Repository files navigation

PATH Model Post-Processing Tool (ppath)

ppath is a specialized CLI tool designed to process WRF (Weather Research and Forecasting) and CMAQ (Community Multiscale Air Quality) NetCDF output files generated by the PATH Model. It allows users to:

  1. Load multiple NetCDF files lazily (memory efficient).
  2. Calculate new variables using custom formulas.
  3. Export data to ArcGIS Voxel Layer compliant NetCDF files.
  4. Extract time-series data for specific 3D coordinates into CSV format.

Installation

Option 1: Install into a New Conda Environment

  1. Clone the Repository:

    git clone <repository_url>
    cd ppath
  2. Set up the Environment and Install the Package:

    # Create the environment from the provided file
    conda env create -f environment.yml
    
    # Activate the environment
    conda activate ppath

Option 2: Install into an Existing Conda Environment

If you already have a working Conda environment and want to add ppath to it, follow these steps:

  1. Update dependencies and unstall the package to your environment:

    conda env update --file environment.yml --prune -n my_env
    
    # Activate the environment
    conda activate my_env

Usage

Once installed, the tool can be run using the ppath command.

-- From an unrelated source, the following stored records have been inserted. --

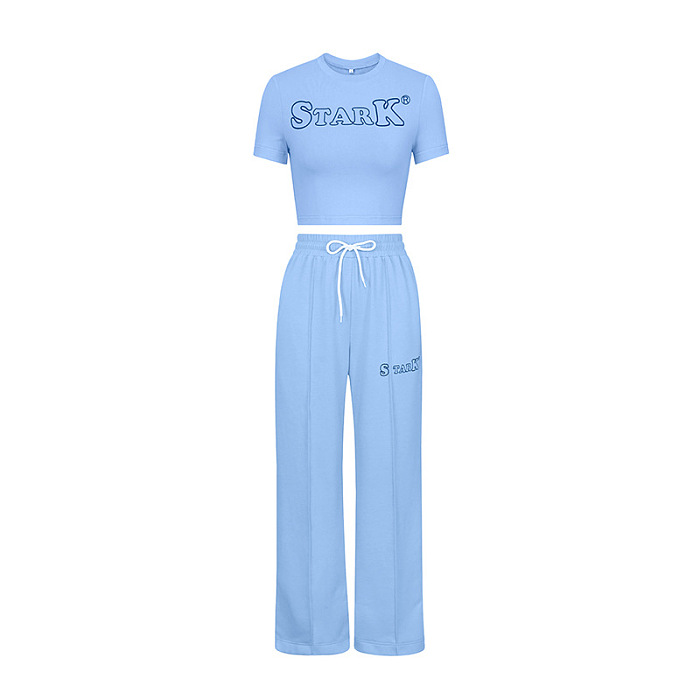 SUPER WHOLESALE | STARK Printed Jogging Suit in Light Blue
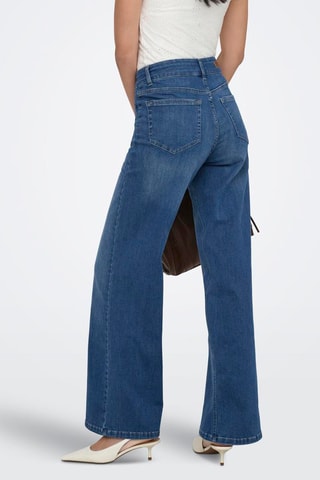 Jean wide legs en coton biologique taille haute - Bleu clair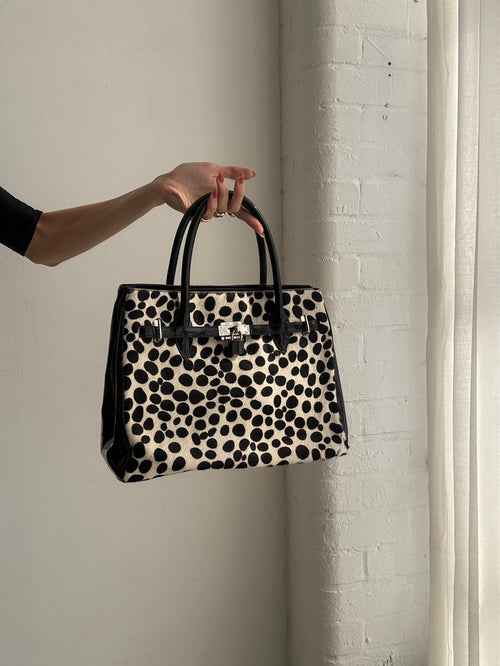 Vintage Y2K Black & White Leopard Print Ponyskin Structured Handbag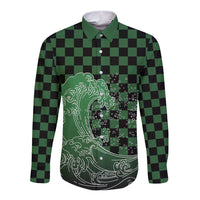 Japanese Asanoha Pattern Long Sleeve Button Shirt Water Breathing Slayer Dragon - Wonder Print Shop
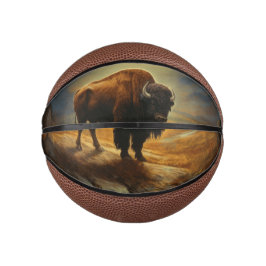 Buffalo Bison Sunset Silhouette Mini Basketball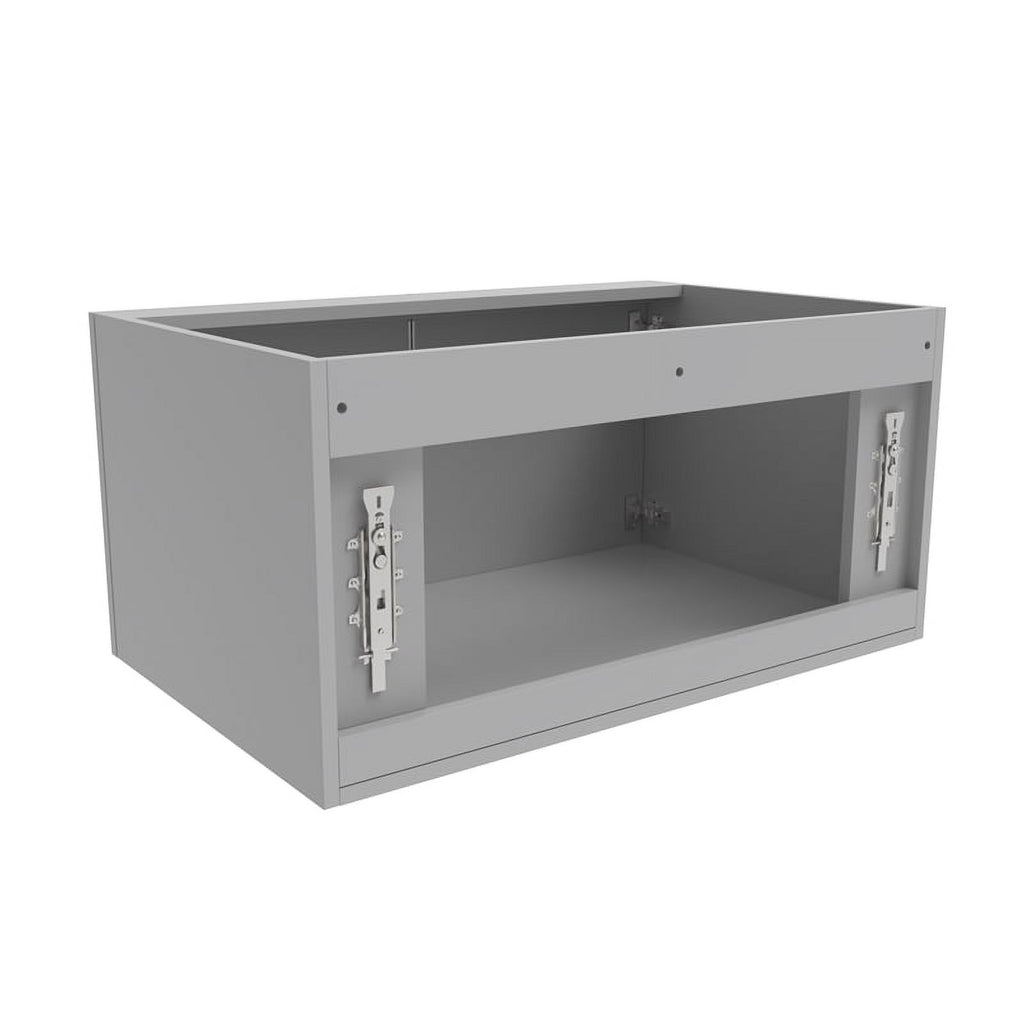 Gray Wood Floating Vanity Base with Drawers H684678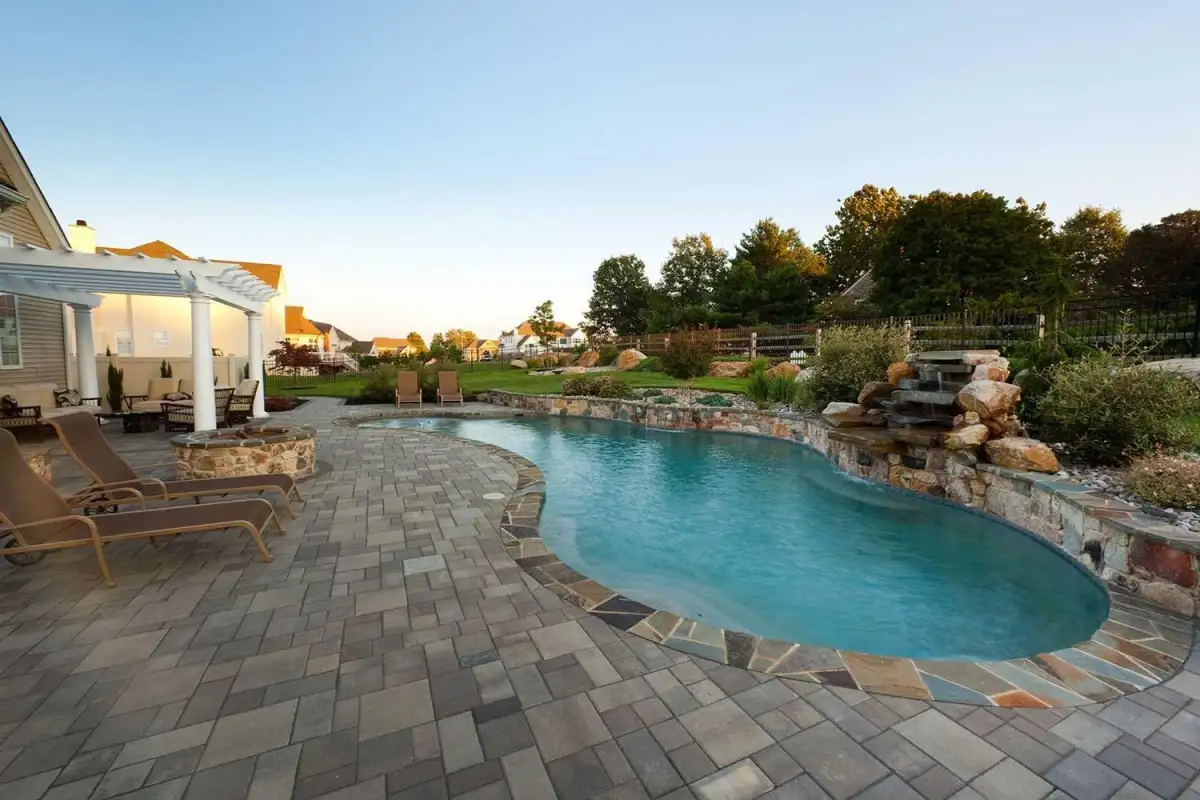 Natural stone water feature with cascading waterfall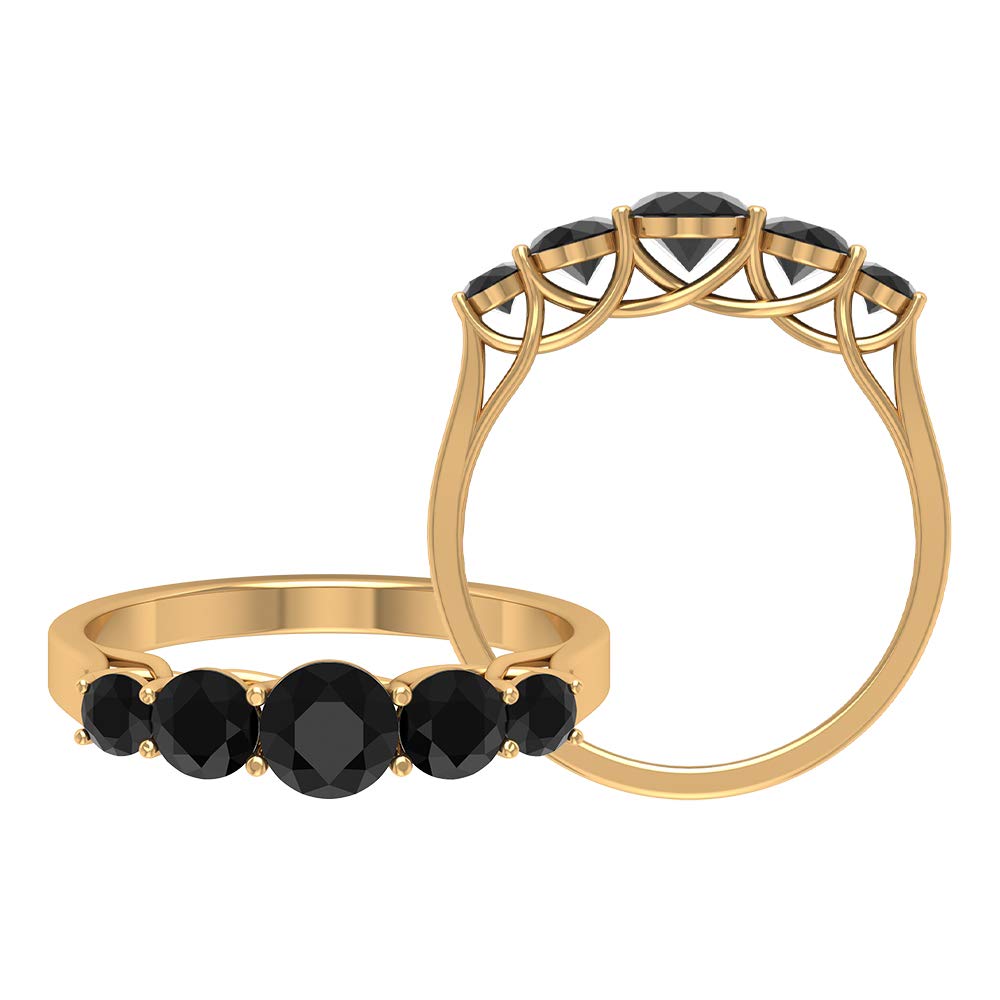 1.25 CT Black Diamond Five Stone Ring in 10K Solid Gold - Graduated Trellis Setting, April Birthstone Jewelry for Women - Perfect for Anniversaries, Engagements & Special Occasions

You need to provide the mode (wrf or cmaq) and the path to a JSON configuration file.

Syntax

conda activate ppath # or my_env    
ppath [mode] [config_path]

Examples

1. Run WRF Pipeline:

ppath wrf examples/wrf_cfg.json

2. Run CMAQ Pipeline:

ppath cmaq examples/cmaq_cfg.json

Configuration File Structure

The tool relies on a JSON configuration file. Below are the specifications for WRF and CMAQ.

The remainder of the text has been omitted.